Extracted data entries
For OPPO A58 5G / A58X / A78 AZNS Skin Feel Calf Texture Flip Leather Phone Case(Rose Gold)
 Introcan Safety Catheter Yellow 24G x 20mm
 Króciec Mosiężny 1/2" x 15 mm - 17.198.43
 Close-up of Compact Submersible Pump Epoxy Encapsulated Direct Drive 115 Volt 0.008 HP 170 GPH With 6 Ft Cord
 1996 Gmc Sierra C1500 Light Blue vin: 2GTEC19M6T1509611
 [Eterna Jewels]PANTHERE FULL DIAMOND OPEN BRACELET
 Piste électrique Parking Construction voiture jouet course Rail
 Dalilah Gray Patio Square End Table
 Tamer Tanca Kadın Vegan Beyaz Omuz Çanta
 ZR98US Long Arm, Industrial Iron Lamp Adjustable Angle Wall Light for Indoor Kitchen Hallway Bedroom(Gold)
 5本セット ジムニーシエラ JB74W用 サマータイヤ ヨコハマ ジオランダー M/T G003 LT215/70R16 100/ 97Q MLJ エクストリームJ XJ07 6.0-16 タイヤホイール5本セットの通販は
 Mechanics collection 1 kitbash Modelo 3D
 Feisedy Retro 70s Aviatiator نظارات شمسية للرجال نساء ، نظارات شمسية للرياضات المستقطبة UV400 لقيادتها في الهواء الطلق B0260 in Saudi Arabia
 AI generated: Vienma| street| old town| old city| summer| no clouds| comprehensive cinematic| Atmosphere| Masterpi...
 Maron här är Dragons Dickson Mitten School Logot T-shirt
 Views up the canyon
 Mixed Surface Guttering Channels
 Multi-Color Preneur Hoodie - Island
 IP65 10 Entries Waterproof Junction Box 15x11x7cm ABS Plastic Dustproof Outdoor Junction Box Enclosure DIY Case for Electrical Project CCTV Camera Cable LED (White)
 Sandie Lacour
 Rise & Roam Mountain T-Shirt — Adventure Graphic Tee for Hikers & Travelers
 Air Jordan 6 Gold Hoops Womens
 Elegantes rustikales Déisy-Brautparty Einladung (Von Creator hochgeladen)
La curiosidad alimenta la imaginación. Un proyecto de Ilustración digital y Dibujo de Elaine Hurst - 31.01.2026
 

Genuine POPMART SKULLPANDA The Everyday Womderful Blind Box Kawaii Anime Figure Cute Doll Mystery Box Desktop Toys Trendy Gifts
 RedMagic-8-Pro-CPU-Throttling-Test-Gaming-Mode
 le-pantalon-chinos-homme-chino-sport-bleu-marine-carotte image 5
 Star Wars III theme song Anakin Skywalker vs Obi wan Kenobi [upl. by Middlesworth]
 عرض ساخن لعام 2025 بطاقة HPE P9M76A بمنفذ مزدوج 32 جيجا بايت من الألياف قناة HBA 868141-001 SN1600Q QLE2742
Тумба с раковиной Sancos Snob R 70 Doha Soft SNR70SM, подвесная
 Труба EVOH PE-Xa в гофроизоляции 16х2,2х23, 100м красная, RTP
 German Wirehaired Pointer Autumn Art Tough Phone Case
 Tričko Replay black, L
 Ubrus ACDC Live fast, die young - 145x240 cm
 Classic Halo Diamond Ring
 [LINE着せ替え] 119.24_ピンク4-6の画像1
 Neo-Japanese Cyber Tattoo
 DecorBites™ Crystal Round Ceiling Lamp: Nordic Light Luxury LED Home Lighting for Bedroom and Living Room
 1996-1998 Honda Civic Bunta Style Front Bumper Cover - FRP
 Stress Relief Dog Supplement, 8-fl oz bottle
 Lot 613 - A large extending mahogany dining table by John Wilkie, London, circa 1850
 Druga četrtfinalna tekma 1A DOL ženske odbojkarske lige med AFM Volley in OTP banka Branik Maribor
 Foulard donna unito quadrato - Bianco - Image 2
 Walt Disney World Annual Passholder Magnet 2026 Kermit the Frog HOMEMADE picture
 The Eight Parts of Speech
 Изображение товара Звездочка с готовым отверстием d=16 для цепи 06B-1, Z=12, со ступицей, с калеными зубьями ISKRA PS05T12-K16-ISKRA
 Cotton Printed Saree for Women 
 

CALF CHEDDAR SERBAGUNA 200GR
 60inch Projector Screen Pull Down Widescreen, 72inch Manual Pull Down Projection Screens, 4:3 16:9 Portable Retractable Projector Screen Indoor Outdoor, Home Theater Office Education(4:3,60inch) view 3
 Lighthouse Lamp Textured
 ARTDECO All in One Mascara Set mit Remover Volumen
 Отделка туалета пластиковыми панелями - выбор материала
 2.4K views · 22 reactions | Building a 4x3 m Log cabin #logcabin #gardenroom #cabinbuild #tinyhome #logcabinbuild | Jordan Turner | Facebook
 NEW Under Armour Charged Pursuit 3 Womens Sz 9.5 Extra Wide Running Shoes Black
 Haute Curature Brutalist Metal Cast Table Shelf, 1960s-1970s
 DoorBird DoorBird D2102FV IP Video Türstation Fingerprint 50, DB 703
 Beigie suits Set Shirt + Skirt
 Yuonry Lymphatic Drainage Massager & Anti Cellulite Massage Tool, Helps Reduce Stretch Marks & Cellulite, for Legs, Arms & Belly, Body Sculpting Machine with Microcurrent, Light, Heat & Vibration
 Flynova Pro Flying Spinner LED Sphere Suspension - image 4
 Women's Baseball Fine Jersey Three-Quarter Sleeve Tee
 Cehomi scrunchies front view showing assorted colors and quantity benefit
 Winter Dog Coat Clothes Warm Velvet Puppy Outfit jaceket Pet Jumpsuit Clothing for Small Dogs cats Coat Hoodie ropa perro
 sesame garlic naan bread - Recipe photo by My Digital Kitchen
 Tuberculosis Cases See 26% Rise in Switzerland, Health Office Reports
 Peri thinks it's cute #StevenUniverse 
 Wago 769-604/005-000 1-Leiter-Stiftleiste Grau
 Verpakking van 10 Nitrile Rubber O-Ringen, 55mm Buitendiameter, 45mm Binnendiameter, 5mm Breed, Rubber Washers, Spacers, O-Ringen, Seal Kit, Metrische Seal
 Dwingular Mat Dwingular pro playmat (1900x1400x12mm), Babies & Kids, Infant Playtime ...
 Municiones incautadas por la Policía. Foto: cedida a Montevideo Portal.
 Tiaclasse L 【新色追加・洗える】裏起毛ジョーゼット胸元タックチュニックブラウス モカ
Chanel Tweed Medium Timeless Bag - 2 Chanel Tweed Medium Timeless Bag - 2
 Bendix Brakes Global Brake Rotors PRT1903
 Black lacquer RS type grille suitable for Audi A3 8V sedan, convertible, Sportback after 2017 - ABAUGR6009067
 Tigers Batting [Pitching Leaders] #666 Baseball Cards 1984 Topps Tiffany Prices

■ EXERCISE DETAILS:
A single number is the answer: the number of lines in the entries that contain "Phone".

■ OUTPUT:
2